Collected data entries
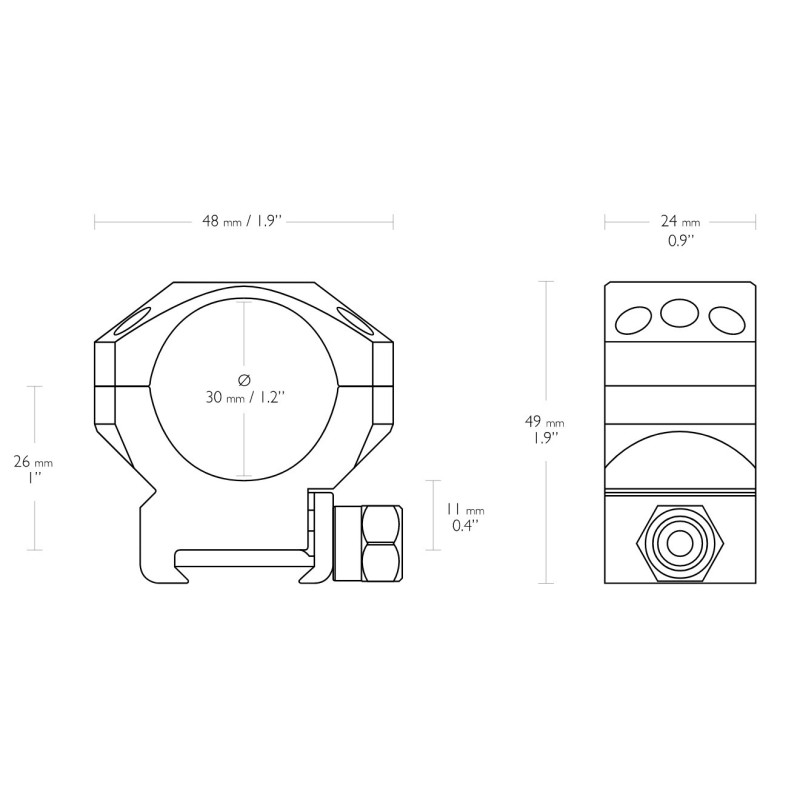 hawke TACTICAL RING MOUNTS 30mm - Weaver - Médium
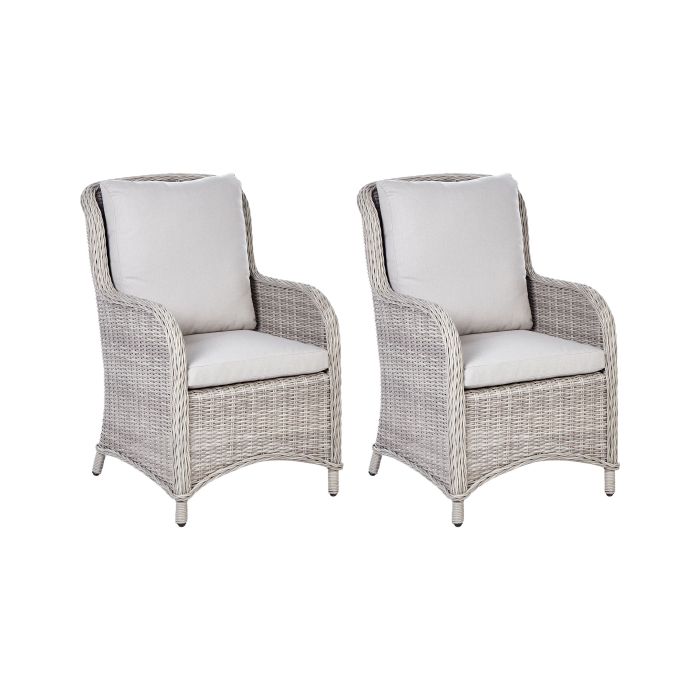 Set of 2 Garden Armchairs CASCAIS PE Rattan Beige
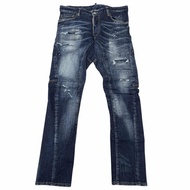 【常查看】成色極佳 □ DSQUARED2 Dsquared 22SS S74LB1043 機車牛仔褲，做舊牛仔褲，靛藍色，48碼，正品男款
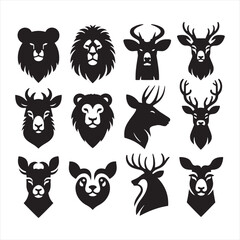 Serene Silhouettes: Set of Animal Face Silhouettes Capturing the Calm and Serenity of Wildlife Portraits - Animals Illustration - Safari Vector

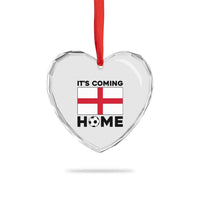 It is Coming Home England Football Flag Heart Crystal Glass Ornament Patriotic Soccer Fans St Georges Cross Heritage Pride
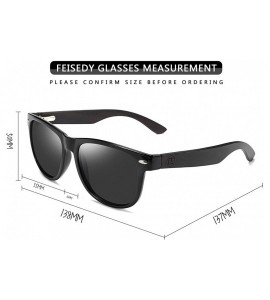 Wayfarer Men Polarized Wood Sunglasses HD UV400 Driving Fishing Golf Sunglasses B2448 - Ebony-grey - CB18K3X2ZMW $42.58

EXERCISE DESCRIPTION: Once you find the line that contains "Serene Silhouettes: Set", give it again along with every later line through the end of the data, word for word, minus the pictures.

WRITTEN RESPONSE:
 Serene Silhouettes: Set of Animal Face Silhouettes Capturing the Calm and Serenity of Wildlife Portraits - Animals Illustration - Safari Vector

 It is Coming Home England Football Flag Heart Crystal Glass Ornament Patriotic Soccer Fans St Georges Cross Heritage Pride
 Wayfarer Men Polarized Wood Sunglasses HD UV400 Driving Fishing Golf Sunglasses B2448 - Ebony-grey - CB18K3X2ZMW $42.58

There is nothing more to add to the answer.